What steps did you take and what happened:
[A clear and concise description on how to REPRODUCE the bug.]
target cluster is ready:
kubectl --kubeconfig=./capi-quickstart.kubeconfig get nodes
NAME STATUS ROLES AGE VERSION
capi-quickstart-2-control-plane-mnldn Ready master 12m v1.17.3
capi-quickstart-2-control-plane-vjnnr Ready master 8m50s v1.17.3
capi-quickstart-2-control-plane-vqc22 Ready master 10m v1.17.3
capi-quickstart-2-md-0-99ms5 Ready <none> 10m v1.17.3
capi-quickstart-2-md-0-99nzj Ready <none> 9m55s v1.17.3
capi-quickstart-2-md-0-rt4wr Ready <none> 9m54s v1.17.3
Follow the instructions at https://cluster-api.sigs.k8s.io/clusterctl/commands/move.html#pivot
clusterctl --kubeconfig=./capi-quickstart.kubeconfig init
Fetching providers
Installing Provider="cluster-api" Version="v0.3.1" TargetNamespace="capi-system"
Error: action failed after 3 attempts: failed to create provider object cert-manager.io/v1alpha2, Kind=Certificate, capi-webhook-system/capi-serving-cert: Internal error occurred: failed calling webhook "webhook.cert-manager.io": the server is currently unable to handle the request
What did you expect to happen:
Anything else you would like to add:
[Miscellaneous information that will assist in solving the issue.]
Environment:
kubectl version):/etc/os-release):/kind bug
CAPI version?
I see it in the logs now, could you try with master?

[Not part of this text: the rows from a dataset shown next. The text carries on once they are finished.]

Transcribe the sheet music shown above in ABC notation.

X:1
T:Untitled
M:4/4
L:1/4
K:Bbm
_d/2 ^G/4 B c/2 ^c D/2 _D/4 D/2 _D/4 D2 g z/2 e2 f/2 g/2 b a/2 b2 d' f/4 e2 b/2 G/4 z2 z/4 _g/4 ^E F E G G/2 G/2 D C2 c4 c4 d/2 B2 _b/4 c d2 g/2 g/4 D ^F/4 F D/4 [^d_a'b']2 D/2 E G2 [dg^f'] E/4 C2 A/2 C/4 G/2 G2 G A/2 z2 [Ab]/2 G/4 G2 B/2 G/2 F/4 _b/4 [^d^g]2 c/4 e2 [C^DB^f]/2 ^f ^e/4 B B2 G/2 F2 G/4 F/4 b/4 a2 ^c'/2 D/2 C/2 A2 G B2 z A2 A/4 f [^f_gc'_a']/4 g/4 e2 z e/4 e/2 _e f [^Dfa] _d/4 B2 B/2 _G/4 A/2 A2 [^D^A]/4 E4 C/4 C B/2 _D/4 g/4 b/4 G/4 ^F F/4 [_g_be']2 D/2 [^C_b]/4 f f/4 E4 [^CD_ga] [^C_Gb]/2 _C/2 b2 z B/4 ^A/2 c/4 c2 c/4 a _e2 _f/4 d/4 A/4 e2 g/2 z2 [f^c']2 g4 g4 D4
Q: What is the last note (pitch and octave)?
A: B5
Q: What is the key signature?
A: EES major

clusterctl master should have a fix that retries cert-manager
/cc @fabriziopandini
same issue from master / v0.3.2
$ clusterctl --kubeconfig=./capi-quickstart.kubeconfig init --v 5
tching File="control-plane-components.yaml" Provider="control-plane-kubeadm" Version="v0.3.2"
Fetching File="metadata.yaml" Provider="cluster-api" Version="v0.3.2"
Fetching File="metadata.yaml" Provider="bootstrap-kubeadm" Version="v0.3.2"
Fetching File="metadata.yaml" Provider="control-plane-kubeadm" Version="v0.3.2"
Installing Provider="cluster-api" Version="v0.3.2" TargetNamespace="capi-system"
Creating shared objects Provider="cluster-api" Version="v0.3.2"
Creating Namespace="capi-webhook-system"
Creating CustomResourceDefinition="clusters.cluster.x-k8s.io"
Creating CustomResourceDefinition="machinedeployments.cluster.x-k8s.io"
Creating CustomResourceDefinition="machinehealthchecks.cluster.x-k8s.io"
Creating CustomResourceDefinition="machinepools.exp.cluster.x-k8s.io"
Creating CustomResourceDefinition="machines.cluster.x-k8s.io"
Creating CustomResourceDefinition="machinesets.cluster.x-k8s.io"
Creating MutatingWebhookConfiguration="capi-mutating-webhook-configuration"
Creating Service="capi-webhook-service" Namespace="capi-webhook-system"
Creating Deployment="capi-controller-manager" Namespace="capi-webhook-system"
Creating Certificate="capi-serving-cert" Namespace="capi-webhook-system"
Operation failed, retry Error={}
Creating Certificate="capi-serving-cert" Namespace="capi-webhook-system"
Operation failed, retry Error={}
Creating Certificate="capi-serving-cert" Namespace="capi-webhook-system"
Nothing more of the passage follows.